Unlike a handwritten signature, a certificate-based signature is difficult to forge because it contains encrypted
information that is unique to the signer. It can be easily verified and informs recipients whether the document was
modified after the signer initially signed the document.
To sign a document with a certificate-based signature, you must obtain a digital ID or create a self-signed digital ID in
Acrobat or Adobe Reader. The digital ID contains a private key and a certificate with a public key and more. The private
key is used to create the certificate-based signature. The certificate is a credential that is automatically applied to the
signed document. The signature is verified when recipients open the document.
When you apply a certificate-based signature, Acrobat uses a hashing algorithm to generate a message digest, which it
encrypts using your private key. Acrobat embeds the encrypted message digest in the PDF, certificate details, signature
image, and a version of the document when it was signed.
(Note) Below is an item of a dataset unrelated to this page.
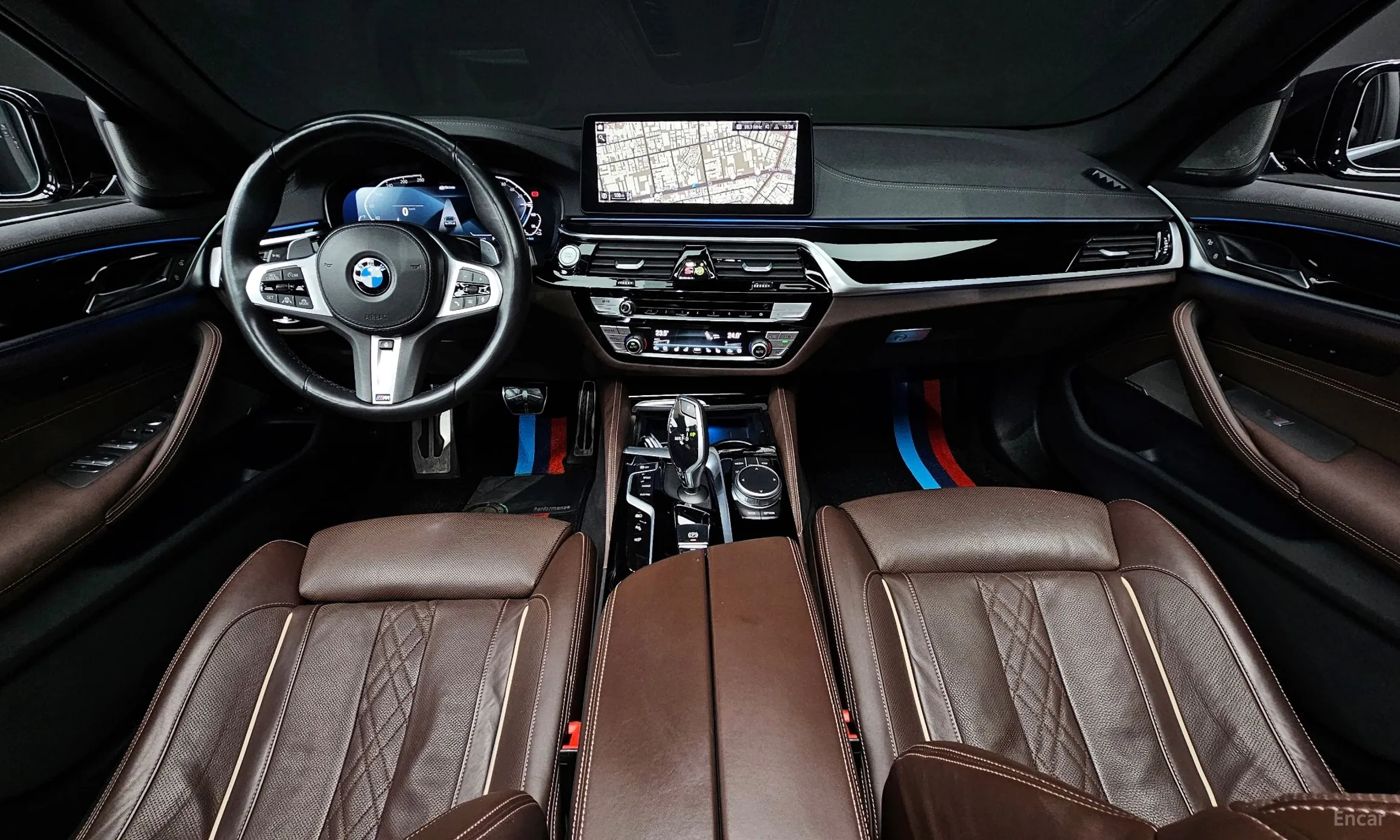 BMW 5 Series (G30) превью 7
Certifying and signing documents
The Sign > Work with Certificates panel lets you apply two types of certificate-based signatures. You can certify a
document attest to its content or approve a document with the Sign With Certificate option.
Certify
Certify options provide a higher level of document control than Sign With Certificate. For documents that
require certification, you must certify the documents before others sign them. If a document has already been signed,
the Certify options are disabled. When you certify a document, you can control the types of changes other people can
make. You can certify with or without displaying a signature.
Sign With Certificate
When you sign with a certificate, the signature is considered an approval signature.